• _Information supplied_
──────────────────────────────

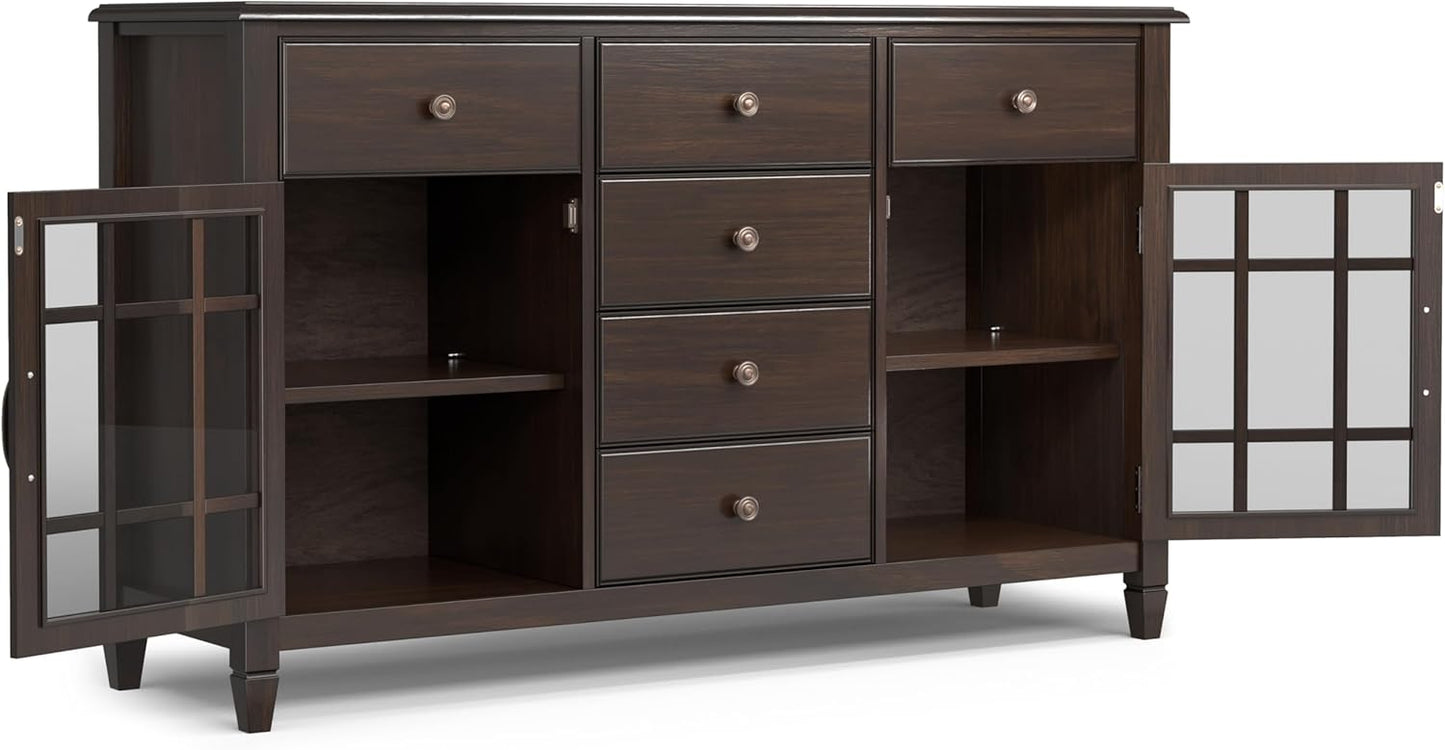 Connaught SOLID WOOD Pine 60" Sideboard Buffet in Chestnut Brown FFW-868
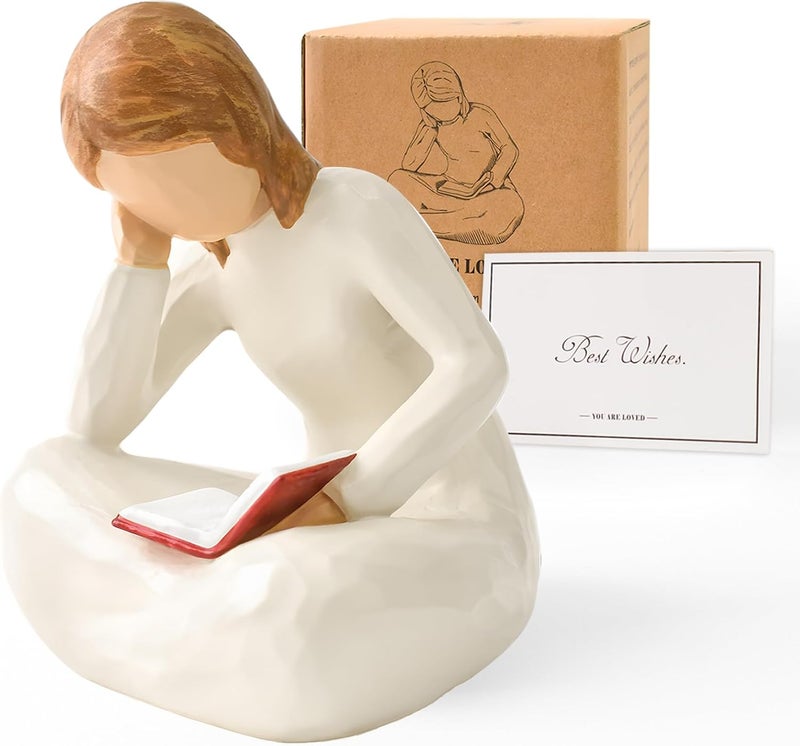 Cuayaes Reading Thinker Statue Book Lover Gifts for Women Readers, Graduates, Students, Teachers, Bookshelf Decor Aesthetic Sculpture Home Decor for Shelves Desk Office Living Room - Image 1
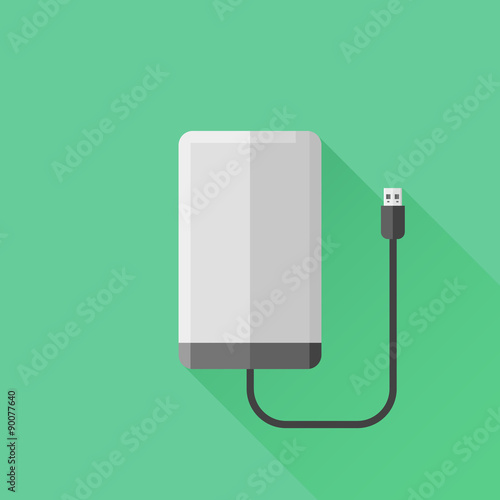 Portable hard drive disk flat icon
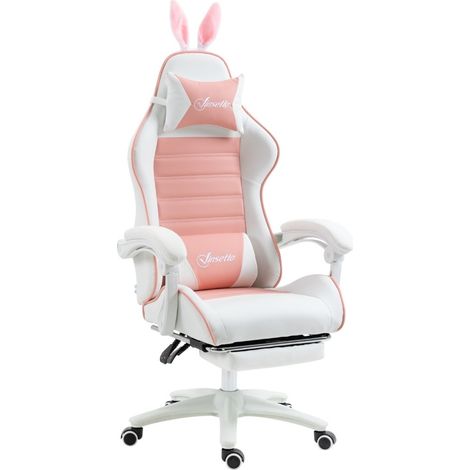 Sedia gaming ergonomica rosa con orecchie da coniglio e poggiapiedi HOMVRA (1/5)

──────────────────────────────

• _Work required_
Look above for the line containing "Cuayaes Reading Thinker" and the line containing "Portable hard drive disk flat icon", then reproduce both and everything between them exactly, pictures omitted.

• _Solution for this problem_
 Cuayaes Reading Thinker Statue Book Lover Gifts for Women Readers, Graduates, Students, Teachers, Bookshelf Decor Aesthetic Sculpture Home Decor for Shelves Desk Office Living Room - Image 1
 Portable hard drive disk flat icon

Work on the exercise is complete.